Jolanta Zaręba-Wronkowska
"Magnum rem puta, unum hominem agere" (Seneka): za wielką rzecz uważaj to, by zawsze być sobą. Spełniał to swym życiem Leszek Ceremużyński, profesor, lekarz, człowiek. Młodzieńcze usposobienie, uśmiech i stały impuls do pracy sprawiły, że można o nim myśleć jako o radosnym chłopcu. Takim wydał mi się, gdy będąc już liczącym się kardiologiem, poświęcał swój czas na szkolenie lekarzy rejonowych. Byłam bardzo wdzięczna za tę pomoc w edukacji moich podopiecznych. Wywodził się z prawdziwej szkoły interny, która dokładnie badała chorego, a nie tylko jego "papiery".
Urodził się w Lublinie w 1932 r. w rodzinie inteligenckiej. Krótki czas radości przed 1939 r., potem wojna, pierwsze nauki w tajnym gimnazjum. Wcześnie wstąpił do harcerstwa, tego jeszcze na przedwojennych wzorach, z Bogiem, honorem i ojczyzną. Nie przyjął zmiany tej tradycji, ale harcerzem duchowo został na całe życie. Maturę zdał w Żyrardowie w 1950 r., otrzymując dyplom uprawniający do przyjęcia na studia bez egzaminu. Myślał o prawie, dyplomacji, dziennikarstwie. Wybór studiów medycznych podsunęła mu matka, upatrując w tym zawodzie niezależność. Pochłonęła go nauka i ukochany sport, piłka nożna i koszykówka. Dyplom lekarza uzyskał w 1956 r. Oczywiście nakaz pracy: jako absolwent wydziału sanitarno-higienicznego otrzymał pracę w Ministerstwie Zdrowia, został radcą w Departamencie Epidemiologii. Odkrył nudę urzędniczego nieróbstwa i pomysły, aby ten czas jakoś przetrwać. Zawsze ratowało go poczucie humoru. Dzięki niemu przetrzymał wojsko i przedziwną ordynaturę oddziału zakaźnego, prawdziwy horror przedspecjalizacyjnej odpowiedzialności. W 1960 r. wrócił do Warszawy, do IV Kliniki Chorób Wewnętrznych Akademii Medycznej i pod ręką prof. Zdzisława Askanasa rozpoczął drogę ku kardiologii. Poznał los lekarza rejonowego, udrękę z tłumem pacjentów na miejscu i wizyty domowe. W 1974 r. przenosi się do Szpitala Grochowskiego, zostaje kierownikiem Kliniki Chorób Wewnętrznych Akademii Medycznej, na tej bazie tworzy Klinikę Kardiologiczną Centrum Medycznego Kształcenia Podyplomowego. Kierował nią do 2002 r., do emerytury. Założył i przez dłuższy czas przewodniczył stowarzyszeniu powołanemu do budowy szpitala kardiologicznego dla Warszawy. Był pomysłodawcą i twórcą Klubu 30 Polskiego Towarzystwa Kardiologicznego, konsultantem ds. kardiologii dla m.st. Warszawy, wykładowcą Warsztatów Kardiologicznych "Wschód - Zachód", w latach 1980-91 r. był członkiem Rady Naukowej Instytutu Kardiologii, naczelnym redaktorem "Kardiologii Polskiej". Nieustannie walczył o nowoczesność i możliwości diagnostyczno terapeutyczne kliniki, założył fundację walczącą o fundusze na ten cel.

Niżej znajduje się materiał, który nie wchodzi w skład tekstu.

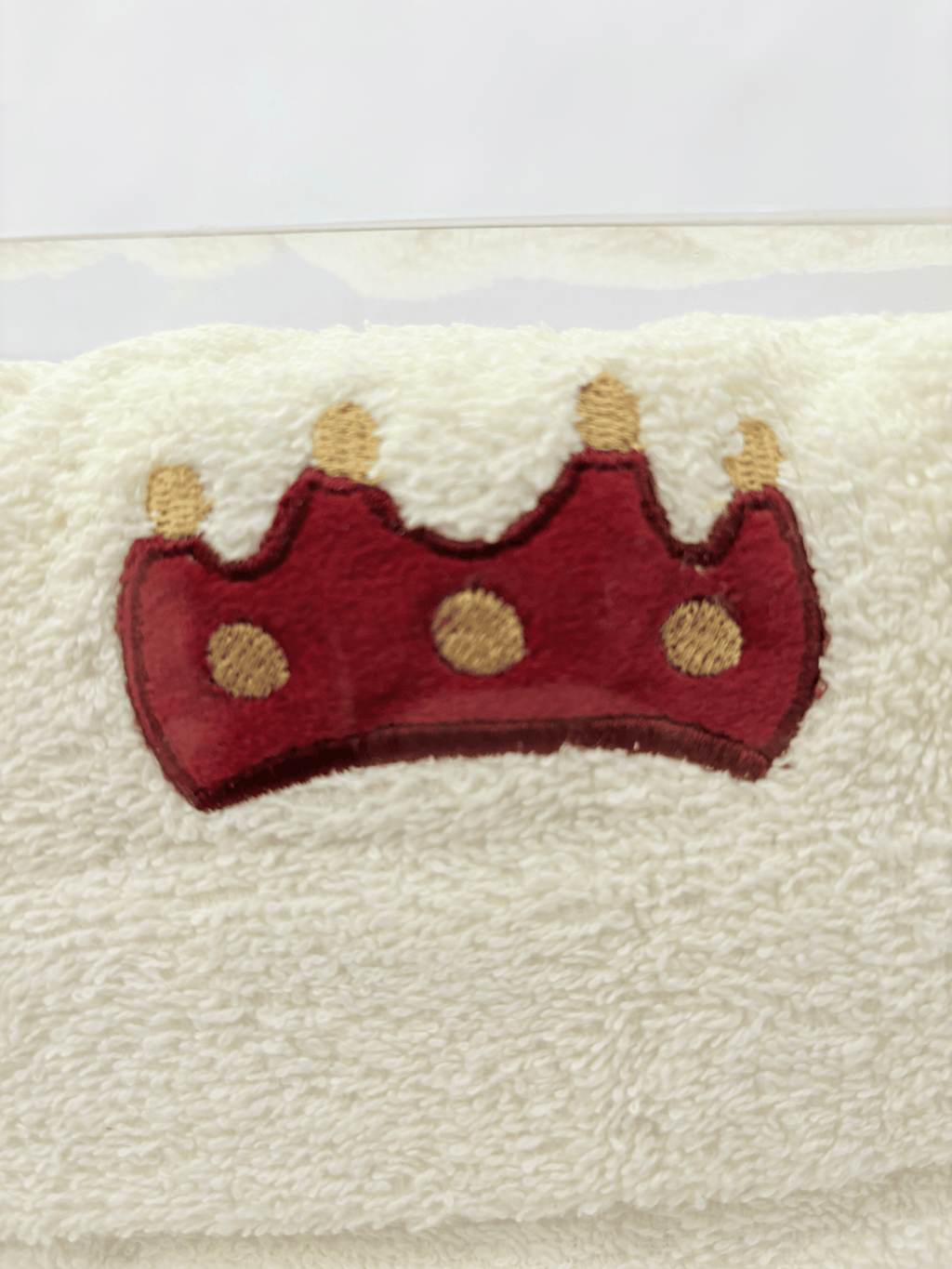 Coppia Asciugamani con ricamo schiaccianoci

Był człowiekiem tysiąca pomysłów i wiecznego napędu do działania. Kochał chatę na Suwalszczyźnie i Paryż, Rembrandta, Vermeera i ten jeden obraz Moneta. Była w nim zawsze gotowość do zachwytu nad pięknem. Nauka, specjalizacje, habilitacja i profesura, niezliczone prace naukowe, publikacje w kraju i za granicą. Konferencje, zjazdy, wszędzie ceniony, oczekiwany. Przyjaźnie z uczonymi ze świata, radość ze spotkań z Janem Pawłem II. Wychował licznych doktorów nauk medycznych, kilku doktorów doprowadził do habilitacji. & amp; nbsp;
Potrafił być asertywny, gdy sprawa była warta obrony, opowiadał się po stronie prawdy, nie bacząc na konsekwencje. W trudnym czasie stanu wojennego uważał, że po prostu trzeba robić swoje. Mieć serce, patrzeć w serce i leczyć serce należy zawsze, niezależnie od zachwiań dziejowych.
Cenił rodzinę, oddany rodzicom, potem żonie, córce i wnukom: Stasiowi, Basi, Halince i Antosiowi. Zginął 26 listopada 2009 r.